When a request crosses a dozen services, “check the logs” stops being useful advice. Observability is what lets us ask new questions about a running system without shipping new code to answer them. These are the patterns we rely on.
The three signals, and what each is for
We treat metrics, logs, and traces as complementary rather than interchangeable:
- Metrics answer how much and how often — and they’re cheap enough to keep for everything. They’re how we notice a problem.
- Traces answer where — they show the path of a single request across services and where the time went. They’re how we localize a problem.
- Logs answer why — the detailed, contextual record of what a specific component did. They’re how we explain a problem.
You reach for them in that order: a metric alerts, a trace narrows it to a service, logs explain the failure.
Structured logs over string soup
Free-text logs are easy to write and miserable to query. We emit structured logs — key/value fields, not interpolated sentences — so they can be filtered and aggregated.
{
"level": "error",
"msg": "downstream_request_failed",
"service": "sync-worker",
"trace_id": "4bf92f3577b34da6a3ce929d0e0e4736",
"destination": "crm",
"status_code": 503,
"attempt": 3,
"latency_ms": 812
}
The single most valuable field there is trace_id. Propagating it through every
service and stamping it on every log line is what turns three disconnected
signals into one coherent story.
Correlate everything with a trace ID
A request gets a trace ID at the edge, and every service passes it along in headers and includes it in logs and spans. With that one piece of plumbing, you can pivot from a slow trace straight to the exact log lines for that request — no guessing about timestamps.
Design alerts around symptoms, not causes
Alerting on causes (“CPU is high”) produces noise; CPU being high is often fine.

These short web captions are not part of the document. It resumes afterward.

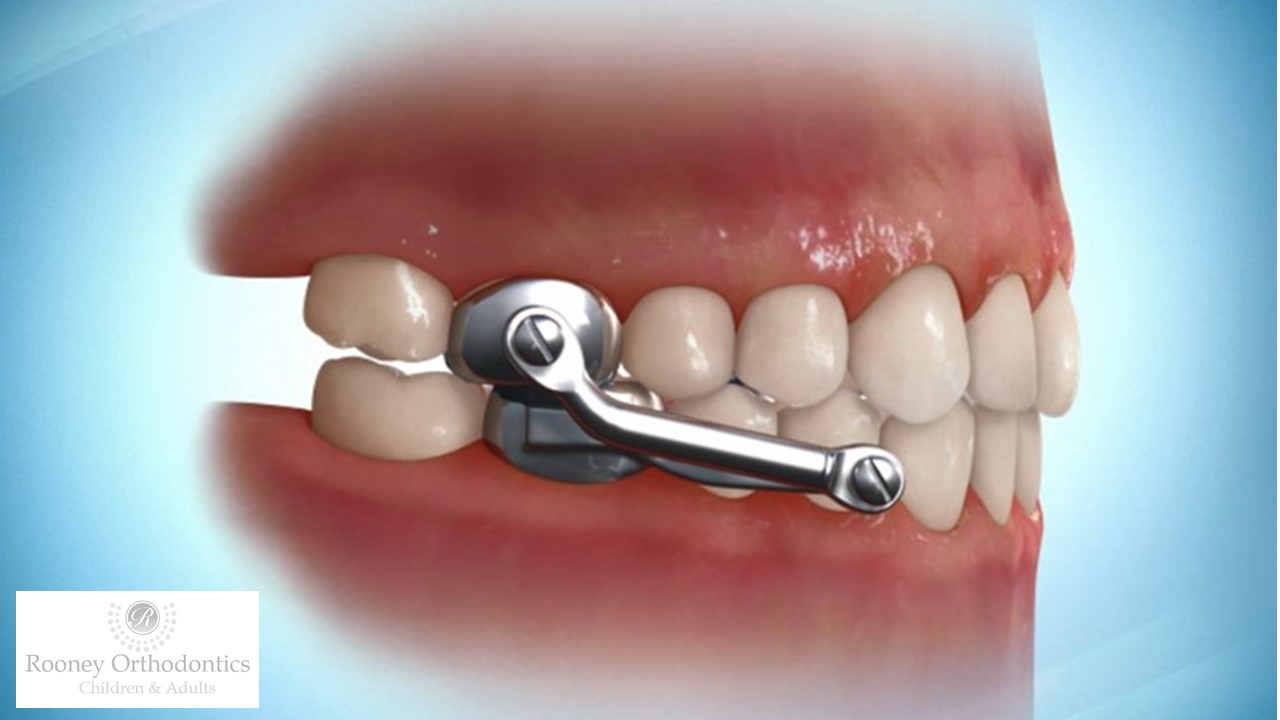 Types of Appliances Dr. Sean M. Rooney Children & Adult Orthodontics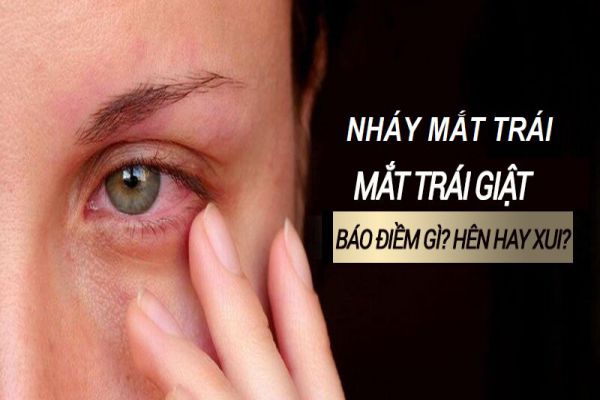 Minh họa hiện tượng nháy mắt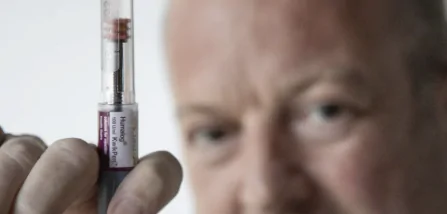 ¿Quién es Candidato para la Terapia de Reemplazo Hormonal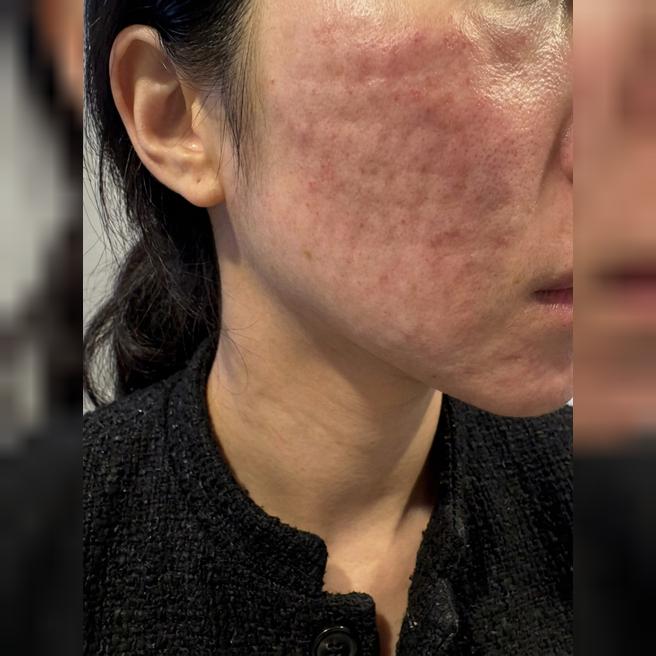리쥬란 1년 넘게 받는데 속건조 해결되고 피부 탱글해져요 ㅎㅎ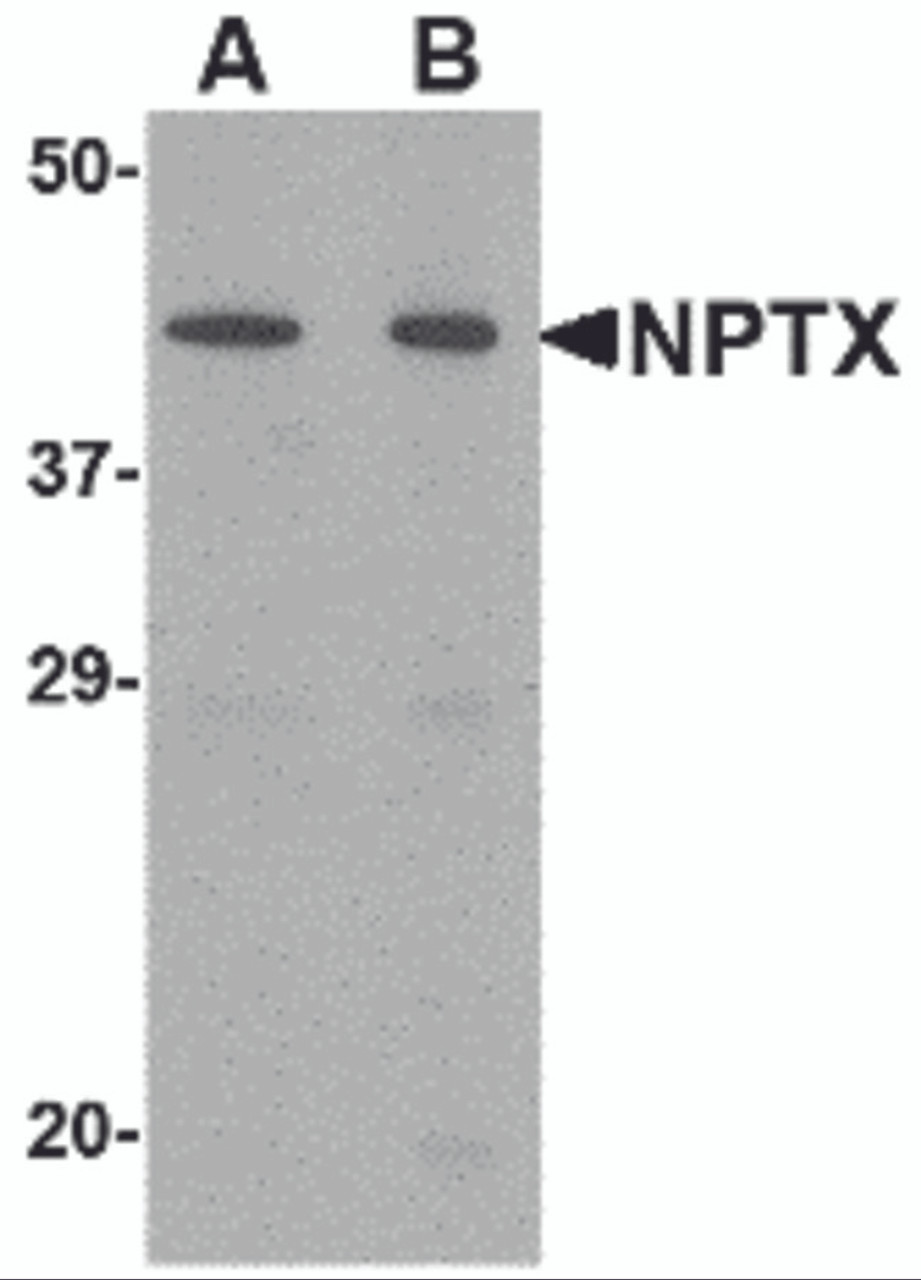 Figure 1 Western Blot Validation in Mouse Brain Tissue Lysate
Loading: 15 &#956;g of lysates per lane.
Antibodies: NPTX2 4573 (A: 0.5 &#956;g/mL, B: 1 &#956;g/mL) , 1h incubation at RT in 5% NFDM/TBST.
Secondary: Goat anti-rabbit IgG HRP conjugate at 1:10000 dilution.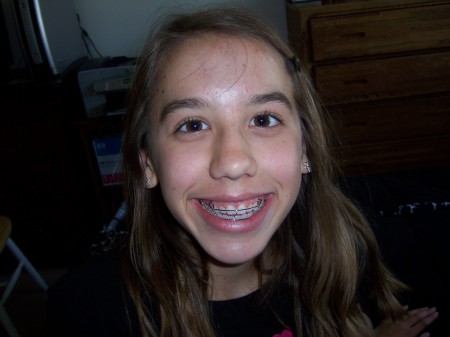 sierra's braces off 002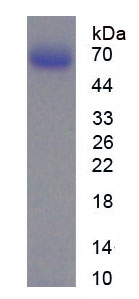 Figure . SDS-PAGE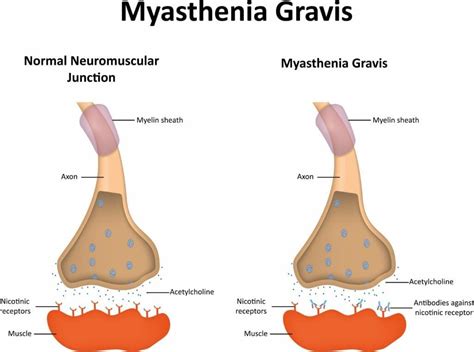 Raising Awareness Of Myasthenia Gravis And Those Living With It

We alert on symptoms that map to user pain — error rate, latency, and freshness — and we tie them to service-level objectives. An alert should mean “a customer is likely being affected right now,” and it should be actionable. If an alert fires and the answer is “yeah, that’s normal,” it’s not an alert, it’s noise — and we delete or tune it.
Keep cardinality under control
High-cardinality labels (like user ID on a metric) can quietly explode storage and cost. We keep unbounded identifiers in traces and logs, where they belong, and keep metric labels low-cardinality and bounded. This is the difference between an observability bill that scales linearly and one that surprises you.
Takeaways
- Use metrics to detect, traces to localize, and logs to explain.
- Emit structured logs and propagate a trace ID through every service.
- Alert on user-facing symptoms tied to SLOs, not on raw resource causes.
- Keep metric cardinality bounded; put high-cardinality detail in traces/logs.
- Instrument for the unknown questions, because those are the ones that page you.